Can we pull out just the info we need to see if the software still meets the label?

So far we’ve seen that there is information that has to be to published as a condition of getting a sustainability label, and there that it’s structured in a way that lets you build charts based on the continuous stream of test data as software is developed.

However, it’s also clear that this is a pretty intimidating interface. As an experiment, we looked into seeing if was possible to fetch just the info we need to show a simplified pass / fail check, for each of the main uses of Nextcloud.

The tests for the Nextcloud cover representative use, written in a number of usage scenario files: usage_scenario_video for video calling, usage_scenario_calendar for managing calendars, usage_scenario_text – for a notes tool and so on. We created a small program that could be run on the command line, to check this – gmt-blue-angel-utz-215-energy-checker – where we passed in the location of energy tracking repository, and it would return some simplified info as either text, or as JSON.

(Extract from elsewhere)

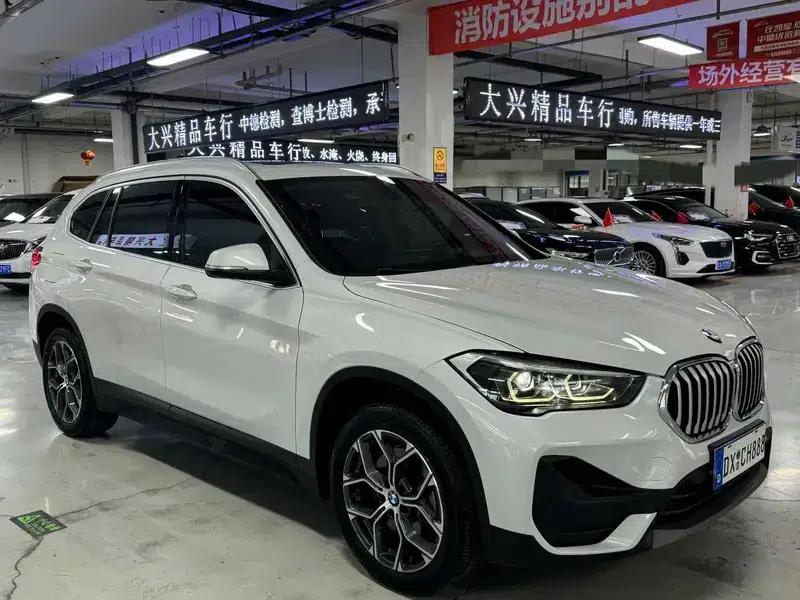 BMW X1 2021 sDrive25Li Leading Edition — миниатюра 3
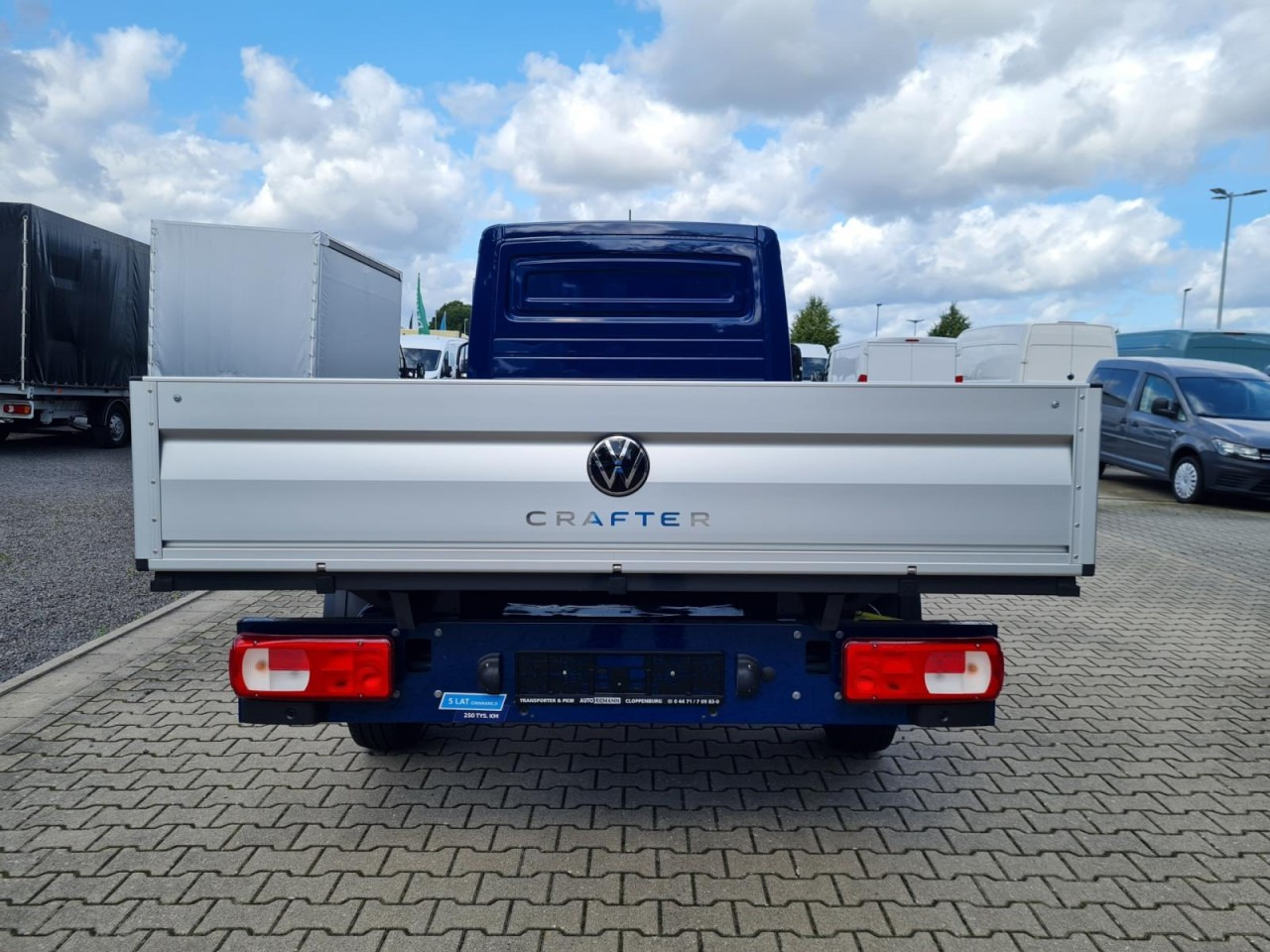 Volkswagen Crafter 35 Pritsche TDI L3 KLIMA TEMPOMAT 3 Sitzer - Flatbed van: picture 5 Volkswagen Crafter 35 Pritsche TDI L3 KLIMA TEMPOMAT 3 Sitzer - Flatbed van: picture 5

The code is open source so you can run it and change it yourself, but for convenience you can see the output below. When we check the same repo that was being checked yielding the intimidating charts, we get a simpler list of which scenarios are still passing, and how close they are to breaching their allowed 10% efficiency threshold:

$ check-energy --uri https://github.com/green-coding-solutions/nextcloud-gmt


Scenario                       Baseline(Wh) Recorded(Wh)      Var  Status
--------------------------------------------------------------------
usage_scenario_video                   0.65         0.65    +0.4%    PASS
usage_scenario_calendar                0.07         0.07    -1.0%    PASS
usage_scenario_text                    0.48         0.47    -2.3%    PASS
usage_scenario_talk                    0.25         0.26    +2.2%    PASS
usage_scenario_files                   0.11         0.11    +3.4%    PASS
usage_scenario_contacts                0.07         0.06    -7.7%    PASS

All Blue Angel energy metrics within expected threshold.

In text output above, we’re running the code in a terminal, running the “check-energy” command, and telling it where to look for published results (the https://github.com/green-coding-solutions/nextcloud-gmt bit) . We can then see that every usage scenario for Nextcloud is passing, and is well within the 10% threshold. We can actually see here that for the contacts lookup scenario, it’s improved by about 7.7%. Not bad!

What does this tell us so far?

One of the key lessons learned here is that where you have:

  1. Testing for sustainability labels like the Blue Angel for Software,
  2. A requirement to publish the information about how it was tested,
  3. Open source testing tooling or (at least available to run with open interfaces),

…then it becomes possible to independently verify claims about a product, and do so on a schedule, whenever code changes.

This means we can move from certification for products based on annual testing to one based on continuous validation all through the year.

This won’t be able to independently verify everything about a piece of software that earned it a sustainability label, and this was an experiment mainly concerned with starting out with a single metric to track, but hopefully it gives an idea that continuous validation is possible, as long as you know data is being published.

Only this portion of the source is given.